● Required work
Could you filter the listing for lines with the word "House" and return them?

● Available records
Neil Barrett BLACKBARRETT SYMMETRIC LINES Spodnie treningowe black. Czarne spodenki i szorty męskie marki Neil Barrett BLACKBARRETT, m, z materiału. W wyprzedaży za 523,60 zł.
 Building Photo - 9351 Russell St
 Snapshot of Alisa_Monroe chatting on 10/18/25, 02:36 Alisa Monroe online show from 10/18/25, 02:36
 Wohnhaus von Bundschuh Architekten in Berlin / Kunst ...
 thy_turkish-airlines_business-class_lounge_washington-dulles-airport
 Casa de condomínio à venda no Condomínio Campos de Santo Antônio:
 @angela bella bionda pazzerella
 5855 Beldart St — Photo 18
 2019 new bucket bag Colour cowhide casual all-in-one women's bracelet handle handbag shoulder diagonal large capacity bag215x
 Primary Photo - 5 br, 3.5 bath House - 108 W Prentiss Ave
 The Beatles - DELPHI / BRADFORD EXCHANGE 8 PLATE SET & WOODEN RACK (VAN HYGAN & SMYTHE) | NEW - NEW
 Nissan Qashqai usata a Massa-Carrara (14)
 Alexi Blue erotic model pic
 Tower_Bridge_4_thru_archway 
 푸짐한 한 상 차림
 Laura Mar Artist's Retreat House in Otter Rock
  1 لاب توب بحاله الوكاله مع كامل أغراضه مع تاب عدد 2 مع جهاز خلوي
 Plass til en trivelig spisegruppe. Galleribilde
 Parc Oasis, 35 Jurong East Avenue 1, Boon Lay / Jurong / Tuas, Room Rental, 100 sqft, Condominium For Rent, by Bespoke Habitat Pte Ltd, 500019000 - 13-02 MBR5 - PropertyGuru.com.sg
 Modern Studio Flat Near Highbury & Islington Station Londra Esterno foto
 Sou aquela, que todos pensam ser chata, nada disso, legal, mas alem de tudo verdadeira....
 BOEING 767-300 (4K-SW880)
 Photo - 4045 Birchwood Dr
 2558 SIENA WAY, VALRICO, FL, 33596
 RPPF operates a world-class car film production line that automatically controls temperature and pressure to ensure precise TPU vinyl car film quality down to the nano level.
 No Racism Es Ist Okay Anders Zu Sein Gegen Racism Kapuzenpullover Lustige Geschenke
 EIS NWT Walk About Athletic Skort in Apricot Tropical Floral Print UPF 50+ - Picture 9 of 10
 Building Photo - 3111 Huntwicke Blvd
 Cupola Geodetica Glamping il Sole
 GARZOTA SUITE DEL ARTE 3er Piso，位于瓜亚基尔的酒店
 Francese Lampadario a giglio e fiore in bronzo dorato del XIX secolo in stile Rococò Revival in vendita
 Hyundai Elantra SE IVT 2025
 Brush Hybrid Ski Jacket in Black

● Problem solution
 Primary Photo - 5 br, 3.5 bath House - 108 W Prentiss Ave
 Laura Mar Artist's Retreat House in Otter Rock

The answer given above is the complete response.